RTX graphics means that it supports things like real-time ray tracing. So if you're doing 3D modeling or something like that, you can do that here. And if the 6GB Quadro RTX 3000 isn't quite enough, you can use ZCentral Remote Boost to access the power from something like a Z2 Tower that's in another location. In fact, if you're on a laptop somewhere, you can use ZCentral Remote Boost to access the Z2 SFF at your desk.

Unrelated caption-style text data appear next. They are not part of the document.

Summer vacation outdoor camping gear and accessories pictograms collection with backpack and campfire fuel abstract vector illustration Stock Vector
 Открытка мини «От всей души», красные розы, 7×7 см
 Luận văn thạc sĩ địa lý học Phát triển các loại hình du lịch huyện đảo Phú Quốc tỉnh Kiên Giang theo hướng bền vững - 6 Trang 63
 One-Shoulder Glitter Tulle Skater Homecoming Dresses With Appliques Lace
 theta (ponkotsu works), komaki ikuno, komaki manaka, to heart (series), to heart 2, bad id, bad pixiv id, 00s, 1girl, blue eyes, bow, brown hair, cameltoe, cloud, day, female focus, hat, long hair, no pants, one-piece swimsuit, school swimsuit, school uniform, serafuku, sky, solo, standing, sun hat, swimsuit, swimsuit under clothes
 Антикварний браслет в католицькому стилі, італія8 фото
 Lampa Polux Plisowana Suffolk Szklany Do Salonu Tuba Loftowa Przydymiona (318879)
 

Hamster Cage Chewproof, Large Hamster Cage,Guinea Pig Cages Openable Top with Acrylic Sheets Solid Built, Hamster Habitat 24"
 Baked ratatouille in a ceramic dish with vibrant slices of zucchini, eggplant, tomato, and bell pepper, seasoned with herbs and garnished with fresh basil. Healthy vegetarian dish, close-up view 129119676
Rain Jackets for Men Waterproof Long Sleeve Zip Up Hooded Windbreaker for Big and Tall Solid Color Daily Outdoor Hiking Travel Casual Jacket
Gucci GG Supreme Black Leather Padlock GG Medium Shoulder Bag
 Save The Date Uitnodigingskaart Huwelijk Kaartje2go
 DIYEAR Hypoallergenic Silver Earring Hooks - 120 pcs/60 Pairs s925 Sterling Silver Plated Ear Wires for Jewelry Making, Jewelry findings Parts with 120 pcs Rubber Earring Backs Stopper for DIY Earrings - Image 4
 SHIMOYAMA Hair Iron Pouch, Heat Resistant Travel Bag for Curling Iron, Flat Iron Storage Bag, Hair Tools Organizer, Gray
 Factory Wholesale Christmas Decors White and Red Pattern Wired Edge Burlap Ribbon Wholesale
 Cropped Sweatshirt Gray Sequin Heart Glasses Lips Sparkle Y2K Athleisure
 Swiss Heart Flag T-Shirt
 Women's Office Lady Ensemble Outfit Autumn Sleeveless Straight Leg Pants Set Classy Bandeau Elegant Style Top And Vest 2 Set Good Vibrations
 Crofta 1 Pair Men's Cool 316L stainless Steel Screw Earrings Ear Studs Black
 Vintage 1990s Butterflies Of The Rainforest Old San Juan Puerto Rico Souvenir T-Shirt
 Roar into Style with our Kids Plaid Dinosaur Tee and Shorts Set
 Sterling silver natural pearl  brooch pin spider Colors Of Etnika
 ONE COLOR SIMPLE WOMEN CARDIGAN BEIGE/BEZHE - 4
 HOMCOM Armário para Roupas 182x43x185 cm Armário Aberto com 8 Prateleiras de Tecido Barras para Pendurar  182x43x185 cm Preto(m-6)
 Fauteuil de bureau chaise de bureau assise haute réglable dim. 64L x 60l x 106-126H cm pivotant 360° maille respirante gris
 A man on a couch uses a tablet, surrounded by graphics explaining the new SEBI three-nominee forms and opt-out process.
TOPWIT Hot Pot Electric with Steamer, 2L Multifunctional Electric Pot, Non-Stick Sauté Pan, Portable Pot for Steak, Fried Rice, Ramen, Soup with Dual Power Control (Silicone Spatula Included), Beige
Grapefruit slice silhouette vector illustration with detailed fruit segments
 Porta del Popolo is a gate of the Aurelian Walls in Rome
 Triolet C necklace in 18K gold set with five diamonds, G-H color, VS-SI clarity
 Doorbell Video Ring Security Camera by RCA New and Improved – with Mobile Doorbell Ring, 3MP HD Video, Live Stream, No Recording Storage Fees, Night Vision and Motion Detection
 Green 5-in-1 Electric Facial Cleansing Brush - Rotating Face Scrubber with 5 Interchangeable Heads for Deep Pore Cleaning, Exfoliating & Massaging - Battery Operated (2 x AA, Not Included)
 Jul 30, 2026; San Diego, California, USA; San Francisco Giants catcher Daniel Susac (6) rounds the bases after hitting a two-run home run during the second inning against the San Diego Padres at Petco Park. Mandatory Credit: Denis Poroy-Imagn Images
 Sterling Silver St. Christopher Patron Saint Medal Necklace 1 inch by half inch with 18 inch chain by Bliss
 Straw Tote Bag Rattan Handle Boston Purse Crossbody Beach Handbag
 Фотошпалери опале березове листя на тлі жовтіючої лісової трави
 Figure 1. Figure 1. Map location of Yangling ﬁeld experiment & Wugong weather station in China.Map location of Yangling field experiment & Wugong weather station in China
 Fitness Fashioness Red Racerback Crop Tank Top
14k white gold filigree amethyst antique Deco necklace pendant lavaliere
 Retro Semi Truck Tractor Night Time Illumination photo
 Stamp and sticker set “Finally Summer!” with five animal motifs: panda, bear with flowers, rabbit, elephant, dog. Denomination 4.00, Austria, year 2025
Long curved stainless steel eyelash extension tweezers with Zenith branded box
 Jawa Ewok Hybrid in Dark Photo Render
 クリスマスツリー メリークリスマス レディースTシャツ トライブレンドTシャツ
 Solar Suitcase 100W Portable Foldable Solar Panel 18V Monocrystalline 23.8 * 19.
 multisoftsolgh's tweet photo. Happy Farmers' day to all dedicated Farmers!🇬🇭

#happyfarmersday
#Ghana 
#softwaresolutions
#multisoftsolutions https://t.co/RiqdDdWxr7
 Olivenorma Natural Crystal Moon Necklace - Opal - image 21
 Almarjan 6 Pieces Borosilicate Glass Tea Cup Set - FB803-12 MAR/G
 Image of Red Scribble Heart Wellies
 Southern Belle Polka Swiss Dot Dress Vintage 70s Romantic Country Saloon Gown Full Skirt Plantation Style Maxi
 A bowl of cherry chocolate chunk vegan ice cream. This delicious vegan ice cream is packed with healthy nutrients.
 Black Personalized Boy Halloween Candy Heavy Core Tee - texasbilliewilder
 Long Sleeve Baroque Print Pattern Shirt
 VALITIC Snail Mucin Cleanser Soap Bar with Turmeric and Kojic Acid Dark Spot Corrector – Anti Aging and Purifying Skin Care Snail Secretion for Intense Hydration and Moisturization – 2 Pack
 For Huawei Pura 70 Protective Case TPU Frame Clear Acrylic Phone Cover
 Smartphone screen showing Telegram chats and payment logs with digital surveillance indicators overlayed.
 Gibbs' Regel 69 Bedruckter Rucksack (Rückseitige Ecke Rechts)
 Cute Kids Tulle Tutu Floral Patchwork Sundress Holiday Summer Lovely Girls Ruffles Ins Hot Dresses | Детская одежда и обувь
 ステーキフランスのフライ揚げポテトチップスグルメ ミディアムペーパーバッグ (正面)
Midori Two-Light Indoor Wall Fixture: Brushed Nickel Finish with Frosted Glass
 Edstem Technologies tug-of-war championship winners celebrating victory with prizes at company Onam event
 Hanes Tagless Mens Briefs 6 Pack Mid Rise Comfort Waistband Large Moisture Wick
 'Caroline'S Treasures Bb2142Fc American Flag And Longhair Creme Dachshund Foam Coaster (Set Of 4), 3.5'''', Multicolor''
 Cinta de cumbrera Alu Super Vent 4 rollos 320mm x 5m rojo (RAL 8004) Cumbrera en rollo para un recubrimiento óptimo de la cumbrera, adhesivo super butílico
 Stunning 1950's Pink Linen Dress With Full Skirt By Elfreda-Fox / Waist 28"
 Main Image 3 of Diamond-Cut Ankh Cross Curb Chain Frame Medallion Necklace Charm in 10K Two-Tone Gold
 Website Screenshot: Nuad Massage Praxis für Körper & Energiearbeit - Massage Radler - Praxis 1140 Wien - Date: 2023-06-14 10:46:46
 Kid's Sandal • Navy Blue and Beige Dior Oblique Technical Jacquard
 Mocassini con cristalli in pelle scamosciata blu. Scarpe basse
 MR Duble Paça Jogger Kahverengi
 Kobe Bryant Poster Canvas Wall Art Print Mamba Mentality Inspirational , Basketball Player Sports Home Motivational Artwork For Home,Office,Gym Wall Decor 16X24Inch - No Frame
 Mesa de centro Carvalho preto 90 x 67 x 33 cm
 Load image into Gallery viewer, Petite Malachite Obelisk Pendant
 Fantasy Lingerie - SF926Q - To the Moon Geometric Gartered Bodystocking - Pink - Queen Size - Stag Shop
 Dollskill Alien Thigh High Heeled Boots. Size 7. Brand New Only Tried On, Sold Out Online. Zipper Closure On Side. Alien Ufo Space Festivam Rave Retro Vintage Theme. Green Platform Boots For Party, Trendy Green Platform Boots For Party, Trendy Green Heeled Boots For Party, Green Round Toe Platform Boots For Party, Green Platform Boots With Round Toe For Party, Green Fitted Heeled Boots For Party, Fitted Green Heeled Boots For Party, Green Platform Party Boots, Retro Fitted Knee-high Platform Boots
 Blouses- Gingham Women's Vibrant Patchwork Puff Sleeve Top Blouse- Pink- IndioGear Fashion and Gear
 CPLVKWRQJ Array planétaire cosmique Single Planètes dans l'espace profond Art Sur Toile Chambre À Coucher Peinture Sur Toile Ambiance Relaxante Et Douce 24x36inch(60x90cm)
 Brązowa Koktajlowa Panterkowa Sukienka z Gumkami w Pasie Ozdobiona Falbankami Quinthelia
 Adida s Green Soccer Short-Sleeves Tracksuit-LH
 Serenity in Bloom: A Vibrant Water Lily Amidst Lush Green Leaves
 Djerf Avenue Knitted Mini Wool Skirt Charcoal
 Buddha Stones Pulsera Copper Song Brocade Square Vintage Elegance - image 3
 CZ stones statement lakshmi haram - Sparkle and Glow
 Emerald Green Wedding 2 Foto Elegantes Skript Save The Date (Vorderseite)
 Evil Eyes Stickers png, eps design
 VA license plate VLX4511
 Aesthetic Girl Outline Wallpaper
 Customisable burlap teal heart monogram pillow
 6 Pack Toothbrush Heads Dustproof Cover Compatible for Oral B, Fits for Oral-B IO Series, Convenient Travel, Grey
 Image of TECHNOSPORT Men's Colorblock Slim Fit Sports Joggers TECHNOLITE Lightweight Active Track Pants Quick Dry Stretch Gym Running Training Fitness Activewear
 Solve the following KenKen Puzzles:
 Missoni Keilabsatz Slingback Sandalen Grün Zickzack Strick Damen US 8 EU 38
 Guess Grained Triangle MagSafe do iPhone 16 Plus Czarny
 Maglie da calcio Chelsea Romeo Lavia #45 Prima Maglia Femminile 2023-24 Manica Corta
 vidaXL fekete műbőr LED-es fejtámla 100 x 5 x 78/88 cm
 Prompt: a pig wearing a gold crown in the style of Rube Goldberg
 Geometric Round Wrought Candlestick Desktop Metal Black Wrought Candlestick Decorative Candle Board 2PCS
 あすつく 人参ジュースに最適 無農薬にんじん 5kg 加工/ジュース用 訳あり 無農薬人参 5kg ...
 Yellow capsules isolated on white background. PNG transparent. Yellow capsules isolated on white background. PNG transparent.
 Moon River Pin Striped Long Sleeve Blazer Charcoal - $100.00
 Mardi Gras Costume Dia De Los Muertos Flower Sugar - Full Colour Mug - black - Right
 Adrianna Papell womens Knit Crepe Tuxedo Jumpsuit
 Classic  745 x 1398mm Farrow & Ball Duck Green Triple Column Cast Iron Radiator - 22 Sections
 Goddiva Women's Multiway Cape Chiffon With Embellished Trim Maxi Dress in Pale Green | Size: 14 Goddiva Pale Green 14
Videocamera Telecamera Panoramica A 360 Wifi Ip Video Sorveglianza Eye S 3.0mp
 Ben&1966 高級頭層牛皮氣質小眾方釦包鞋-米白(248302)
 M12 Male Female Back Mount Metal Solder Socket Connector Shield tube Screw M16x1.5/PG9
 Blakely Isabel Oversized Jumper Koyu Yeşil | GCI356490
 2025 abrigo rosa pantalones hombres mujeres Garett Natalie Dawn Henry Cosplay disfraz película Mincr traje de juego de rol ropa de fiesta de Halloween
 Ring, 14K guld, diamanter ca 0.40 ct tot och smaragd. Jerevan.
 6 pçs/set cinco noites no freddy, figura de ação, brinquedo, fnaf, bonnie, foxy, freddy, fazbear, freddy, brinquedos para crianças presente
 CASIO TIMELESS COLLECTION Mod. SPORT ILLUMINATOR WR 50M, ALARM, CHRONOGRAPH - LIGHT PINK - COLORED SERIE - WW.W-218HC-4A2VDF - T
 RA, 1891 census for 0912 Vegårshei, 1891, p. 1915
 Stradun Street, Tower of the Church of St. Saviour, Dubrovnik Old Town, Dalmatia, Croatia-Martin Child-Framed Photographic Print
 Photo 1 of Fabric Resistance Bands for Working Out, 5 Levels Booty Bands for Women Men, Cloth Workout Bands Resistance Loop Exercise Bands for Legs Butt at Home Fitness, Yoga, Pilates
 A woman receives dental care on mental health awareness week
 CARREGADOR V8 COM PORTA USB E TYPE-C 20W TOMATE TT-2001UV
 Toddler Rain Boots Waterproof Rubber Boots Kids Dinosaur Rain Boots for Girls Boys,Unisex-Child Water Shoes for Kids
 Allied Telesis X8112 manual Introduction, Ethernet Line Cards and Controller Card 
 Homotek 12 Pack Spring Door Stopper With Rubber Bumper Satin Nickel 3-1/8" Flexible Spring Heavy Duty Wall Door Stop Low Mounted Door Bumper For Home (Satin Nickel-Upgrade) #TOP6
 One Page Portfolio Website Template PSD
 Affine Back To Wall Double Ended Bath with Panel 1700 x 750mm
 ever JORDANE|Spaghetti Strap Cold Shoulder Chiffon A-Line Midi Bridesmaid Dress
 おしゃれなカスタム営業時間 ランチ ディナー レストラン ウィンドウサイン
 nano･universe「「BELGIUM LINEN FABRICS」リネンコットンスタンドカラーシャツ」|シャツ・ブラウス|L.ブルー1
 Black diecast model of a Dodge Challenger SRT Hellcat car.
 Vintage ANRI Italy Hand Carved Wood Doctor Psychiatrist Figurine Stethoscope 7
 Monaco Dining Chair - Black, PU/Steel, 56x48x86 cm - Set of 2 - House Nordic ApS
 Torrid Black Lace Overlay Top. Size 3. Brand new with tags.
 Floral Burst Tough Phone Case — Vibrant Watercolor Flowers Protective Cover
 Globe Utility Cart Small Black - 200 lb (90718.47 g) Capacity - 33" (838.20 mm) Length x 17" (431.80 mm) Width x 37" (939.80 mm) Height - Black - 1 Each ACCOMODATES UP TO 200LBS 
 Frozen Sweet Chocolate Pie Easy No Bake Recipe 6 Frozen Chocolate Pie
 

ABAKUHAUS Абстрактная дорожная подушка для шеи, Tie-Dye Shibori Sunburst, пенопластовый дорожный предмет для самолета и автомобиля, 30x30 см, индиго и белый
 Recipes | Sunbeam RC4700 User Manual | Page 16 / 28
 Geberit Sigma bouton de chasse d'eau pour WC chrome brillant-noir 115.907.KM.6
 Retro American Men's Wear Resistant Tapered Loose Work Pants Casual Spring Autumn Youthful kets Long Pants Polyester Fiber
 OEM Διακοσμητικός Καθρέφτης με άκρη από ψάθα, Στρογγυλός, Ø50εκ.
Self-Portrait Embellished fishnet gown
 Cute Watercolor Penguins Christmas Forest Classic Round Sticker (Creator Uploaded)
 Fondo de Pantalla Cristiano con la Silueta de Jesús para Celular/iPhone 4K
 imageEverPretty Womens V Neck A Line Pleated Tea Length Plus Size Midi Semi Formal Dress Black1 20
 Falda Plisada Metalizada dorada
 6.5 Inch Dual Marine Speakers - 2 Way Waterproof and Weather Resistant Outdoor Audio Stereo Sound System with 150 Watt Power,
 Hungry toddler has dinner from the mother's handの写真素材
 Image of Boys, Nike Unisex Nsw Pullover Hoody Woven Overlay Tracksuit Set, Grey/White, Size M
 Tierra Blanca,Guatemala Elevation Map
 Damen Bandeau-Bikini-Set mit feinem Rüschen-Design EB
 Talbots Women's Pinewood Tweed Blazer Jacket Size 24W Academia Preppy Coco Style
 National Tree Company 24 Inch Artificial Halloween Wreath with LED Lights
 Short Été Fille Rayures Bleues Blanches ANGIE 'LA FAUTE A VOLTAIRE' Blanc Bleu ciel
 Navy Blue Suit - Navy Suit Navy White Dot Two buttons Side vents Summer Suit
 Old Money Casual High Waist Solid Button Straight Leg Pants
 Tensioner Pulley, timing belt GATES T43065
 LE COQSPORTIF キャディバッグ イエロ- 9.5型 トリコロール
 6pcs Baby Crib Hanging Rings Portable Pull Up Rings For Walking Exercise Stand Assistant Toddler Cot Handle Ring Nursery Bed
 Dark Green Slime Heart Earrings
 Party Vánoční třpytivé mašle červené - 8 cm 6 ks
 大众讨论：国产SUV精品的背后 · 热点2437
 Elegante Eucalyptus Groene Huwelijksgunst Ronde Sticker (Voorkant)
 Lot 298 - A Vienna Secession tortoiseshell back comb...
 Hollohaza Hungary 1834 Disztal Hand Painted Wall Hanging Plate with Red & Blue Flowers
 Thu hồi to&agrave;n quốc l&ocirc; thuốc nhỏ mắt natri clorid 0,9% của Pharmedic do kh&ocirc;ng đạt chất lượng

It has a fair amount of ports; as you can see from the labeling, not all ports are equal. Three of the USB Type-A ports are USB 2.0, which is a shame, but that's what I used for the keyboard and mouse. One of them is USB 3.2 Gen 1 for 5Gbps speeds, and the other two are USB 3.2 Gen 2 for 10Gbps speeds. There are also two DisplayPort ports tucked away in the corner, making it nice and easy to connect two monitors. You can also expand it with more ports using expansion cards.
Indeed, this PC comes with PCIe Gen 4, offering double the bandwidth of PCIe Gen 3. That means that when you open up the chassis, which is tool-less by the way as you can see from the switch on top, you can plug in accessories and they'll be faster.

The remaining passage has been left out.